Another ten miles brought them to the town of Sawtooth, which, Marlene noted, had managed to retain at least some of its history. The entrance to Main Street was dominated by a tall wood-sided building that proclaimed in big white letters on a red background to be the Sawtooth Mercantile and Livestock Feed Store. Across the street was a saloon called the Cowboy Bar; as if on cue, two young men in ten-gallon hats and cowboy boots sauntered out.
"I love it here," Len added. "I hope to live here someday. The air is clean, the water doesn't smell like the sewer, and for the most part, people treat you the same way you treat them. That's one of the things that Coach O'Toole emphasized to all of us players: Be good members of the community if you want to be considered part of the community."
"Sounds a lot like his brother," Marlene replied. "How much farther to Coach O'Toole's house?"
Willis pointed to a small mountain that rose beyond the town. "About a half hour," he said. "Coach lives up there, past the university campus."
As predicted, a half hour later, the group arrived at the entry of a long driveway that led to a large log home where smoke was curling up from the chimney. A pair of curious horses watched them from a snowy pasture as they rolled up to the house. Tall, red-haired Mikey O'Toole and his attorney, Richie Meyers, were waiting on the wide porch.
"I hope my two young friends here didn't show you too wild a time," O'Toole shouted as he walked down the wide steps to embrace Marlene. "Clancy is a city boy, but he seems to have lost all inhibitions about driving fast on our treacherous mountain roads. He's the Mario Andretti of the University of Northwestern Idaho."
"Please, coach, maybe 'the Wendell Scott,' at least he was a brother," Len said, laughing. "But don't worry, Coach, I took it easy on her. We did have one small run-in with some of our friends from the Unified Church of Racists and Morons, including favorite son Rufus Porter."
O'Toole shook his head and apologized. "Sorry, Marlene, they really are in the minority, but our Aryan neighbors do like to make themselves stick out like sore thumbs."
"Say, Coach, you mind if we go downstairs and watch the TV while you old folks catch up?" Len asked.
"Watch it with the 'old folks' comments, Clancy, unless you want to be running suicide sprint drills every day for a month when I get reinstated," O'Toole said, laughing. "But go ahead, you know you don't have to ask, and you've probably behaved yourselves about as long as you can stand. There's beers in the fridge, but leave your keys with me, you're spending the night. I'm about to throw some steaks on the barbecue. How many cows do you think the two of you can eat?"
"No more than two or three each," Len said, and tossed his keys to O'Toole. "I'm not too hungry… What's for breakfast?"

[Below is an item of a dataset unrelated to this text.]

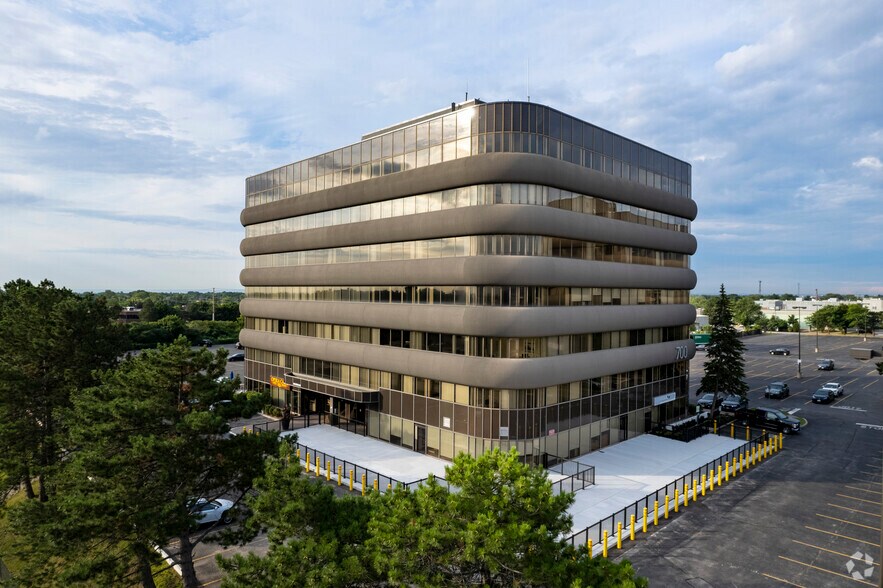 More Photos Of 700 Dorval Dr, Oakville Unknown For Lease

O'Toole sighed theatrically. "I've gone into massive debt trying to feed these guys," he said. "And there are a couple dozen more just like them on the team. But come on in, I'm forgetting my manners, making you stand out in the cold."
Without being asked, the two baseball players took Marlene's suitcases into the house, followed by the others. Then with a wave to the 'old folks,' they disappeared down a big spiral staircase, and the sound of a game on television soon wafted up.